What is the state of the wine industry in South Africa?
The SA wine industry is made up of three categories of producers. Those that make money, those that don’t and those that don’t care or rather don’t depend on the making of wine to survive. The first category has around 15% of SA wine producers, the last two is made up of in the region of 85%. The bulk of SA wines sells around R25/litre and only 5% sells for the equivalent of R65 or more. 60% of SA wine is bulk and the prices are dictated by bigger marketing corporates who ultimately supply the multiple supermarkets, most offshore. Those producers that have invested in their business, built brands and diversified their markets tend to not only survive but also prosper. Too many carry debt and limp from one vintage to the next with varying degrees of quality, quantity and ability to maintain financial stability.
It’s a highly competitive environment, over 750 wine producers and thousands of actual wine brand all competing for market space with beer, spirits and rtd’s. The leading world wine consumption per capita countries consume around 40 litre per annum, while South Africa in comparison drinks 7 litres. We are the in the top ten – probably number 9 – of wine producers in the world, making us the lowest per capita wine drinkers in the world of all wine producing countries!
Australia is at about 25 litres with half the population! We do not have a wine culture in SA, it is seen as an elitist drink by some and, quite frankly, most alcohol sold in SA is used for effect rather than pleasure. Seems gloomy, but there are still producers that make world-class wines. Our wineries are great destinations and the winelands amongst the most desirable places to live and work. We just can’t all survive in a Bacchanalian vocation.
What are the challenges facing the industry?
Building volume quality and quantity brands that are owned by the producers. We are a production-oriented industry and few have built brands that deliver on this challenge, exceptions being Charles Back, DGB, Van Loveren and Leopards Leap. But the bulk of our exports, 70%, ends up in bulk going to the U.K. or EU for bottling/bagging in brands few South Africans would recognise.
What are the opportunities for stakeholders?
Take advantage of the poor Rand and partner with local brand builders who understand the overseas markets. Try get more ownership of the route to market and access to brand equity, thus securing demand, price and rand hedge for offshore sales
What are the successes you have seen across the industry?
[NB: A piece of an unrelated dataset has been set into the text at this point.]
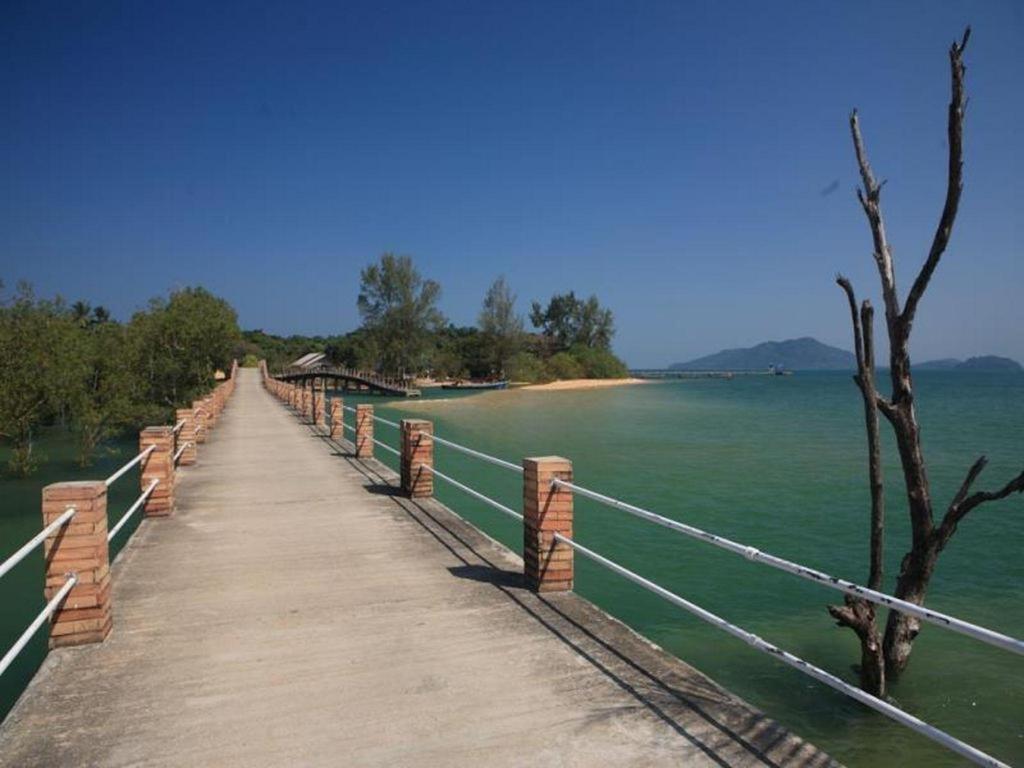 The Blue Sky Resort@ Koh Payam Koh Phayam Exterior photo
Those producers that built their own brands and invested in marketing. Keeping a strong presence in the local market. See how Du Toitskloof, Robertson and Perdeberg wines are achieving this strategy and growing their market share. Past masters are DGB, Fairview as mentioned. Also see players in the smaller family owned space such as; Simonsig, Warwick, Waterford and De Grendel. The latter started as recently as 2006. Granted that the last two come from extensively capital resourced families. But Mike Ratcliffe has built his brand by sheer determination and marketing savvy to a very recognised and followed SA wine brand, he has burnt a lot leather and air miles to achieve his success.
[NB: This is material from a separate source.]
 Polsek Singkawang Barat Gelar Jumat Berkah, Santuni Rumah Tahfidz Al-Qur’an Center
What are the opportunities across the industry for new entrants into the market or for improving the supply chain?
Opportunities lie in finding a story that resonates with the local market, see how well Van Loveren have done with Four Cousins. Then being able to own the route to market, i.e. Brand owner that knows and controls access to market, from sales to distribution. Distribution is a key area and remains an opportunity as there are few that can provide a dedicated and quality route to market. There are too few off consumption outlets and on consumption for the number of wines available in SA. Building brand is hard. Keeping it top of mind is harder. So a significant investment in marketing and strategy is as important as buying a press or cellar full of barrels.
Is there anything about the wine industry that might surprise the public or business people in other industries?
They are very passionate about what they do. They love their jobs and they get a kick out of doing it. It is a vocation that whilst not highly paid, provides for a high level of job satisfaction. Winemakers are popular! They travel, eat out and live in wonderful environments, this makes up for their middle-class earnings… but that’s a generalisation.
How do people in other countries view South African wine?
I think South Africa has unique wine-growing areas, some close to the sea, some in high altitudes and lots of different types of “terroir”, which provides for wonderful stylistic wines that provide interest and USP. We have a mix of old and new world style and our wines are fantastically priced! I would say we provide some of the best value for money in the world.
In what ways is our industry better than other countries… and where do we need to raise the bar?
Difficult to say, whilst there are pockets of excellence, people who passionately produce wines that rival the worlds best, Mullineux Wines, Eben Sadie and the boys of Kanonkop all of whom have been recognised as world class winemakers by their peers. One should take a leaf from their book. Stay focussed on what they are good at and only accept wine excellence as their quality measure.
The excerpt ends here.